Why CUDA extensions use more gpu memory?

nobody · September 13, 2021, 3:36am

I used custom cuda extension to replace some parts of the model, and it worked correctly as expected. But training with cuda extension uses more GPU memory.
I used torch.cuda to analyze the pre-expansion and post-expansion pytorch GPU memory allocation. I found that in addition to the GPU memory I pre-allocated for cuda extensions using cuda_malloc, pytorch itself allocates more GPU memory.
Half of the over-allocated GPU memory is due to the explicit call torch.empty_like() in the forward and backward of the cuda extension to pre-allocate the space for storing the calculation results, and the other half is added when the optimizer.step() is called.
I need some help information to locate the problem and solve the problem of using the video memory.

Does the GPU memory statistics method (memory_allocated or memory_summary) in torch.cuda count the GPU memory allocated by me manually calling the cuda_malloc function?

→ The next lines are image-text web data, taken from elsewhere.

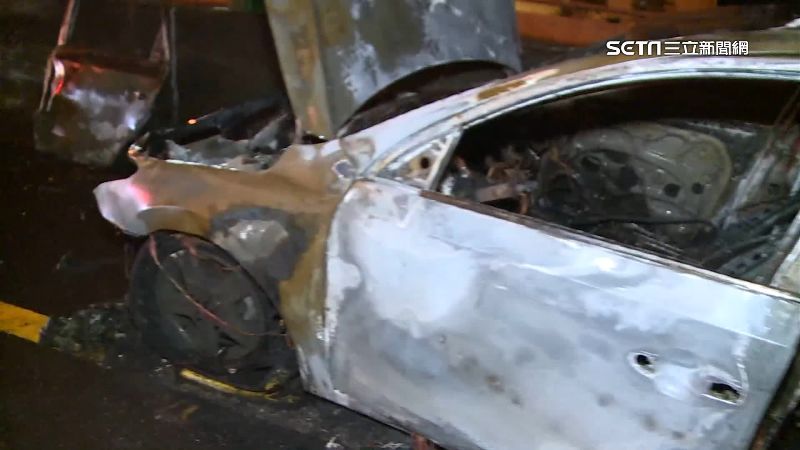 國道超車遭「剪車」　轎車燒成廢鐵
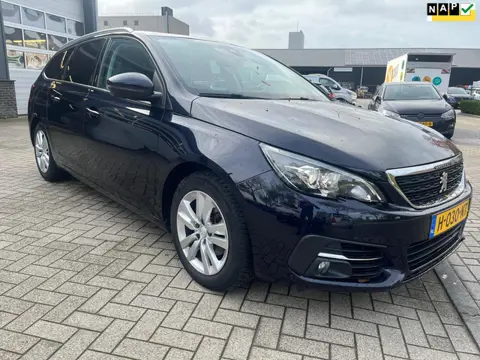 Peugeot 308 SW 1.2 PureTech Blue Lease Executive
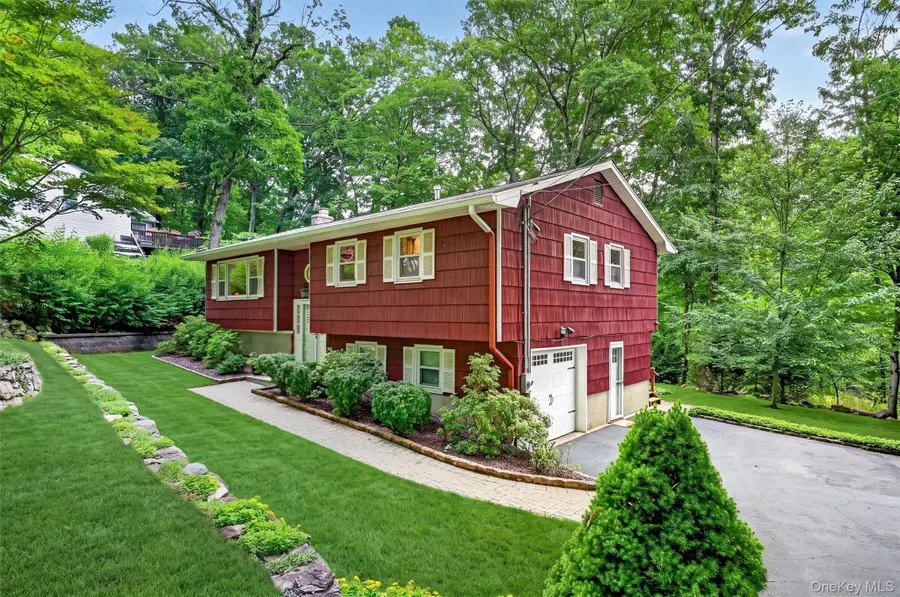 3 Hazelwood Road, Sloatsburg, NY 10974 - #3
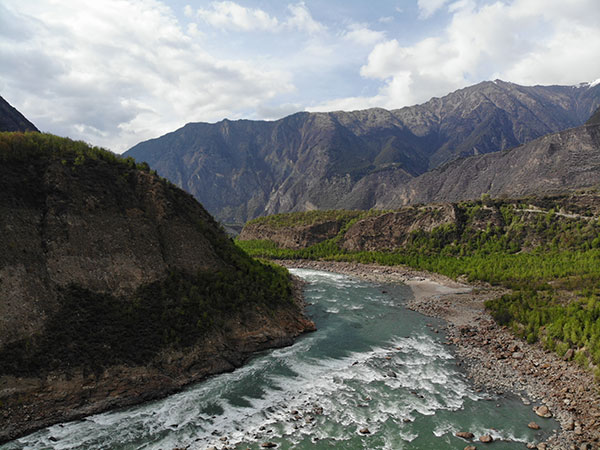 Yarlung Zangbo Grand Canyon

Do it count the GPU memory allocated by similar methods called torch::empty_like() in C++ code? My guess is that the former is not counted, but the latter is counted.
Will the GPU memory allocated by torch::empty_like() called in the custom forward and backward methods in the c++ code be automatically recycled when it is no longer used? If not, then how should I destory this part of the GPU memory by myself?
Why does the call of optimizer.step() lead to the increase of the GPU memory usage? I think this method is only to update the weights and should not allocate new space, but it does increase the GPU memory usage.

tom · September 13, 2021, 6:42am

This seems as you describe.
Memory is returned to the torch cache once the tensors using it go out of scope.
It depends on your optimizer, but things like tracking statistics for adaptivity (eg in Adam) or momentum use additional memory. These are allocated once, so it should not increase over time.

In general, I would advise to no use cuda_malloc directly but instead create a new torch tensor. As long as you keep a reference to it, the memory will be reserved for you and can be accessed via data_ptr() (for a void*) or data_ptr<T>() for a T*.

Best regards

Thomas

nobody · September 13, 2021, 7:55am

Regarding the third point, maybe my description above is not clear enough.

I compared the GPU memory usage at each step of the code that does not use the CUDA extension and the code that uses the CUDA extension. Both use the exact same optimizer. My cuda extension only replaces the layer modules in the model.

The former only adds about 5M of GPU memory usage during the first execution of optimizer.step(), while the latter adds about 1G of GPU memory usage. There is a huge difference between the two.

I don’t know why the CUDA extension causes such a difference? Can you provide some possible clues?

tom · September 13, 2021, 8:14am

I would not know why there would be such a difference. Might be something your extension does?

nobody · September 14, 2021, 2:36am

Thank you for your answer above. I found the reason. The optimizer uses different gradient calculation strategies for one-dimensional parameters, which requires more GPU memory space.